Sentenza 12 novembre 1998
Massime • 1
Il limite minimo di quindici giorni, previsto per la reclusione dall'art. 23, primo comma, cod. pen., è assoluto e perciò irriducibile, sia ai fini della pena da infliggersi in concreto sia ai fini dei calcoli intermedi, ne' il predetto limite può essere superato, in caso di pena patteggiata, per effetto dell'applicazione della diminuente di cui all'art. 444 cod. proc. pen.
Commentari • 0
Sul provvedimento
| Citazione : | Cass. pen., sez. VI, sentenza 12/11/1998, n. 3519 |
|---|---|
| Giurisdizione : | Corte di Cassazione |
| Numero : | 3519 |
| Data del deposito : | 12 novembre 1998 |
Testo completo
Composta dagli Ill.mi Sigg.: Camera di Consiglio
Dott. PASQUALE TROJANO Presidente del 12.11.1998
1. Dott. GIANGIULIO AMBROSINI Consigliere SENTENZA
2. " LUCIANO DERIU " (rel.) N. 3519
3. " IT RI " REGISTRO GENERALE
4. " AR CO " N. 22506/98
ha pronunciato la seguente
S E N T E N Z A
sul ricorso proposto da PROCURATORE GENERALE presso la Corte d'Appello di PALERMO,
avverso sentenza in data 18.3.1998 del Pretore di TRAPANI;
Sentita la relazione fatta dal Consigliere Dott. Luciano Deriu;
Letta la requisitoria scritta del Sost. Proc. Gen. Dott. Giuseppe Veneziano che ha concluso per l'annullamento della sentenza. OSSERVA
Con sentenza ex art. 444 cpp in data 18.3.1998, il Pretore di Trapani applicava a CE OD la pena di giorni otto di reclusione e L. 100.000 di multa (con pena detentiva sostituita da L. 600.000 di multa) per il reato di cui all'art. 570 c 2 n. 2 cp (aver fatto mancare i mezzi di sussistenza alla figlia minore - In Trapani fino a fine 1995).
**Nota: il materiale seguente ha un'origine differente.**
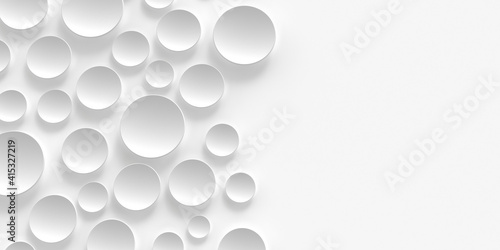 Photos white background with volumetric white hemispheres and a place for an inscriptio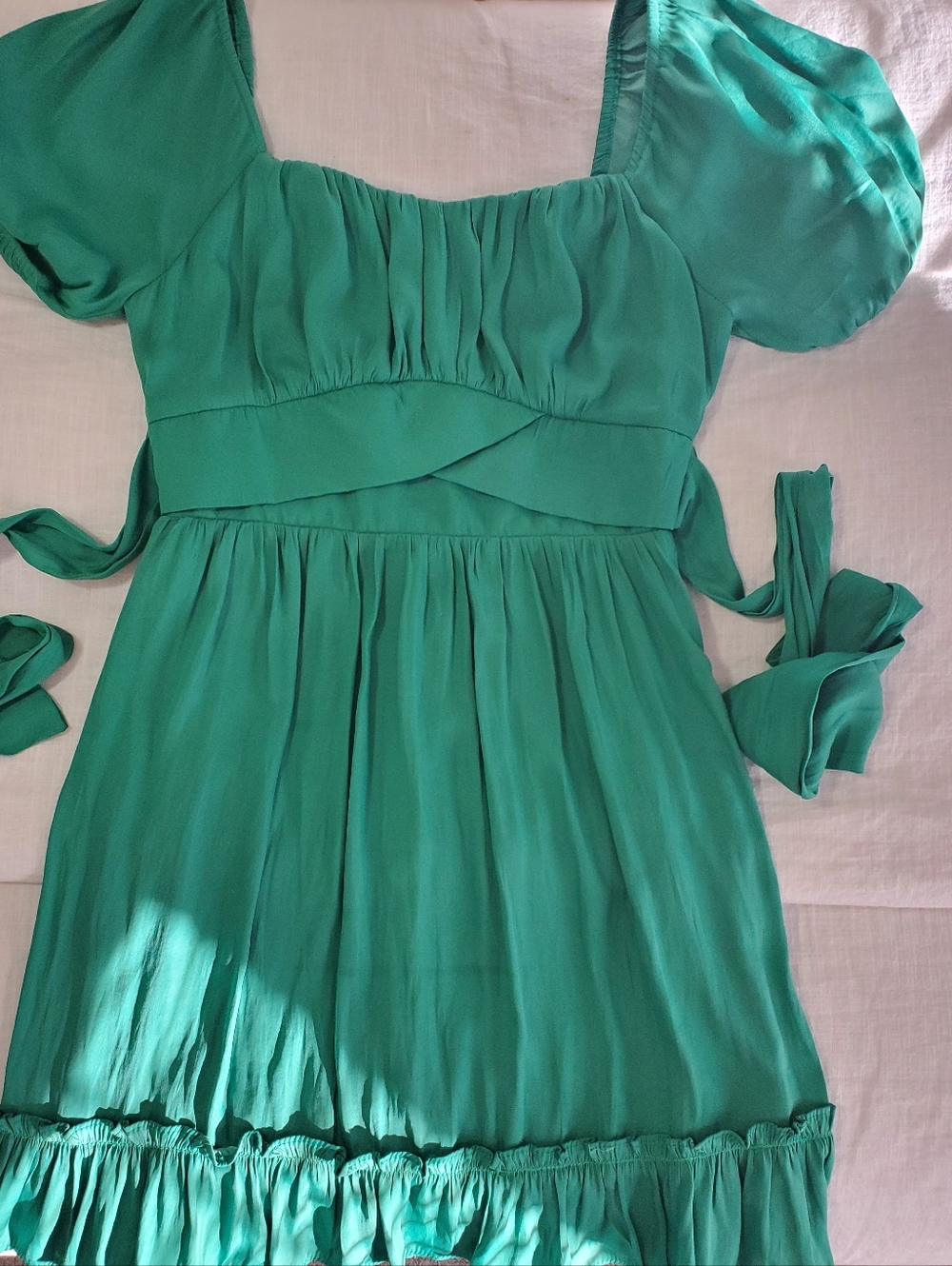 Altar'd State Emerald Green Puff-Sleeve Mini Dress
Proponeva ricorso per cassazione il Procuratore generale presso la Corte d'appello di Palermo, deducendo "erronea applicazione della legge penale" per violazione del minimo assoluto edittale della pena. Con requisitoria scritta in data 13.7.98, il Procuratore generale presso questa Corte ha concluso per l'annullamento della sentenza impugnata.
MOTIVI DELLA DECISIONE
Il ricorso del Procuratore generale presso la Corte di Palermo è fondato.
Il limite minimo di quindici giorni, stabilito per la reclusione dall'art. 23 c.1 cp, è assoluto e perciò irriducibile, sia ai fini della pena da infliggersi in concreto sia ai fini dei calcoli intermedi;
ne' il predetto limite può essere superato, in caso di pena patteggiata, per effetto dell'applicazione della diminuente di cui all'art. 444 cpp (v. per tutte: Cass. VI, sent. 487 del 24.1.97, PM in proc. Scanio).
Si impongono, conseguentemente, l'annullamento senza rinvio della sentenza impugnata e la trasmissione degli atti alla Pretura Circondariale di Trapani per l'ulteriore corso (ivi compreso un eventuale nuovo e legittimo "patteggiamento").
P.Q.M.
Annulla senza rinvio la sentenza impugnata e dispone trasmettersi gli atti alla Pretura circondariale di Trapani per l'ulteriore corso. Così deciso in Roma, il 12 novembre 1988.